In Australia, a Certificate of Title is a record of all relevant information concerning a land parcel. When purchasing a property, perhaps you already know what type of property you wish to purchase. However, you should still educate yourself on the different types of land titles, as well as the financial obligations you would be under after purchasing.
This title is the most traditional, since it means that you have purchased the property and the land that it’s built on. A Torrens title is registered in your name, and you take ownership. You are also responsible for the land’s upkeep. The title will state that you alone own the land, and will state any mortgages or other situations relating to your land. In the event that you have a mortgage, the bank holds the certificate until you repay the loan in full.

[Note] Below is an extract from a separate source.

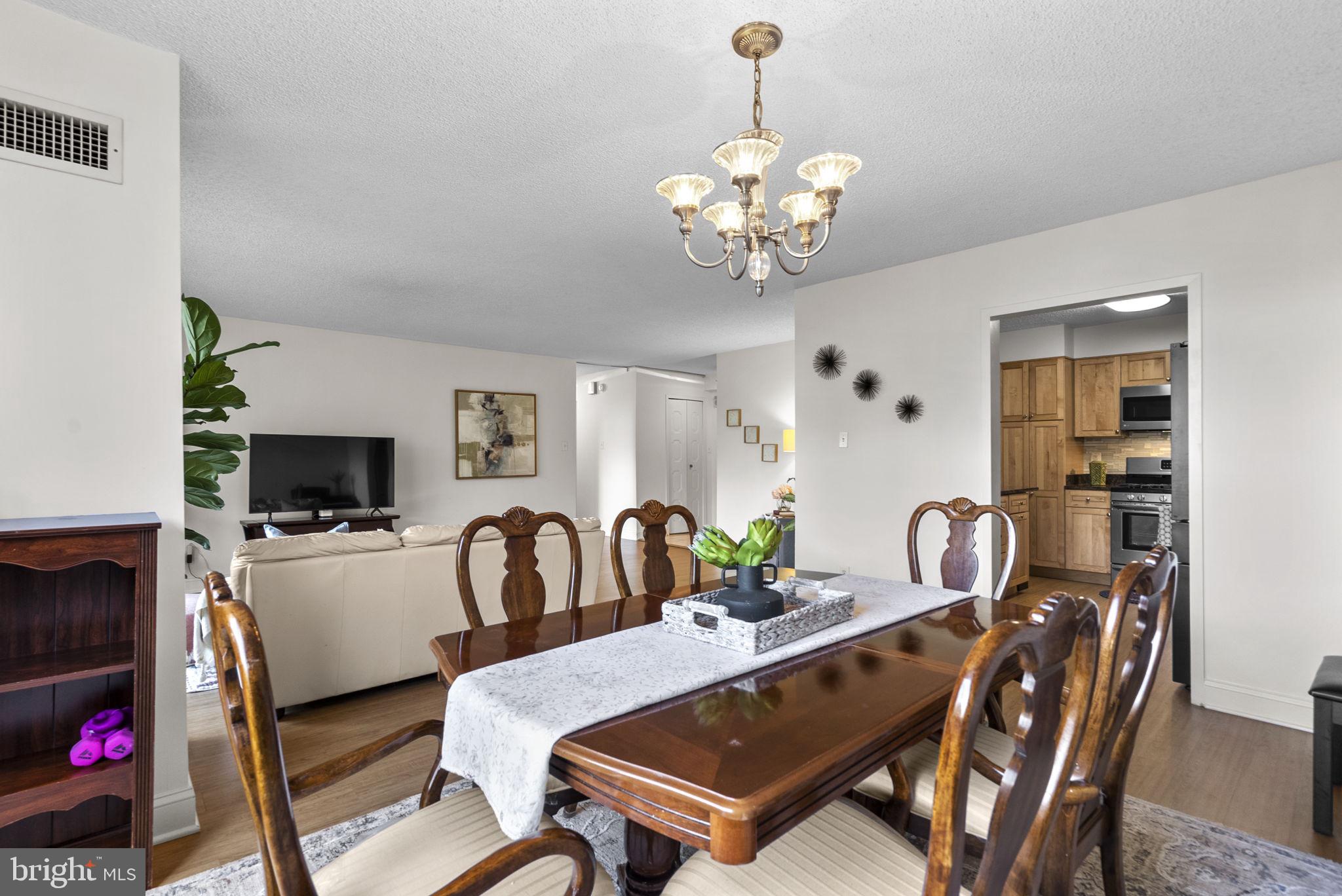 5225 Pooks Hill Road, Unit 804N Bethesda, MD 20814 - Photo 10 of 39 a living room with furniture a flat screen tv and a fireplace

Strata ownership usually applies if you’re buying a townhouse, villa, or other single living unit. These titles also involve more costs. This is because the owner’s corporation—which is comprised of all the unit owners in the complex or building—collects a fee for maintaining the property’s common areas. This is in addition to the usual water and council rates. You should also know that strata titles also have complex rules and regulations concerning how and when you can modify your unit, ownership of pets, and garbage collection among other things.
This type of title typically applies to apartments and other units built prior to 1960, and more particularly apartments that were constructed during the 1920s and 30s. When you purchase a property with a company title, you don’t hold the individual title. Rather, you’re purchasing shares in the company that owns the building. Before purchasing, owners often must pass a pre-qualifying process established by the company. The upside to company titles is that they’re typically more affordable than strata properties. The downside is that they often bring more restrictions.

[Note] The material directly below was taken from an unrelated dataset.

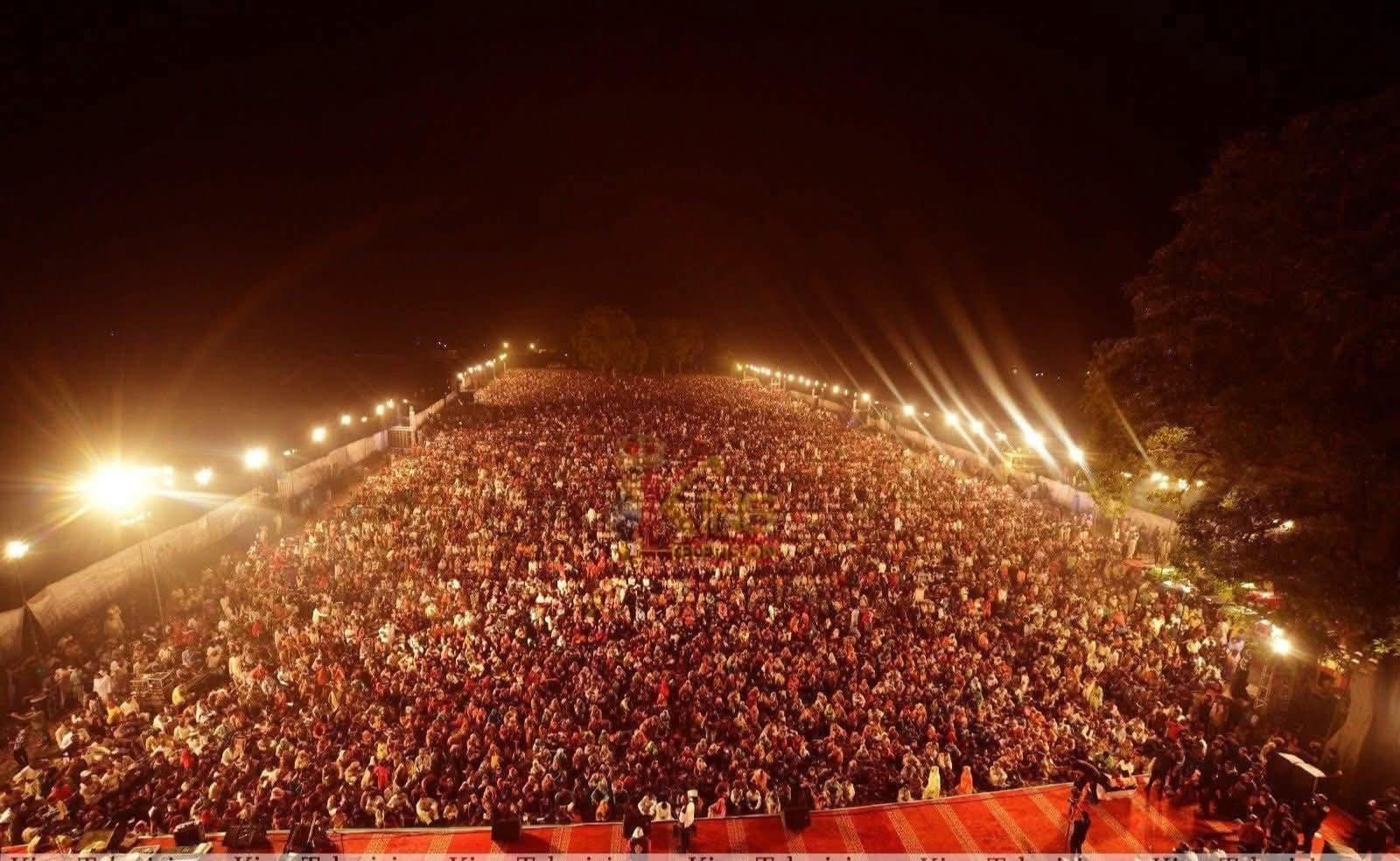 Large crowd gathered at night, illuminated by lights, likely an outdoor event.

With a stratum title, the purchase property is divided into lots. When you purchase a unit, you before the owner of the lot. You will also hold shares in the company that owns the entire property. It is best to seek legal counsel if you wish to purchase land this way, as stratum titles can be a bit tricky to navigate.
This is when the purchaser temporarily buys the ownership of property or land owned by the government. In essence, you buy the right to hold the land for a temporary period. This typically applies to rural areas of Australia.
The last thing you would want to do is to buy a property or parcel of land, only to find out that there are restrictions that keep you from developing it the way you want to. It is best to check every detail of a land title before you purchase so that you know what you’re getting in to. Then if you’re unclear on anything, you can seek legal counsel. You can perforn a title search online via websites like Infotrack. It’s an inexpensive way to gain peace of mind about the land or property you wish to purchase.
You should note that a Certificate of title doesn’t include the land’s survey dimensions. If you’re looking for the land dimensions and legal boundaries of a parcel of land, refer to the parcel’s Strata Plan or Survey Plan.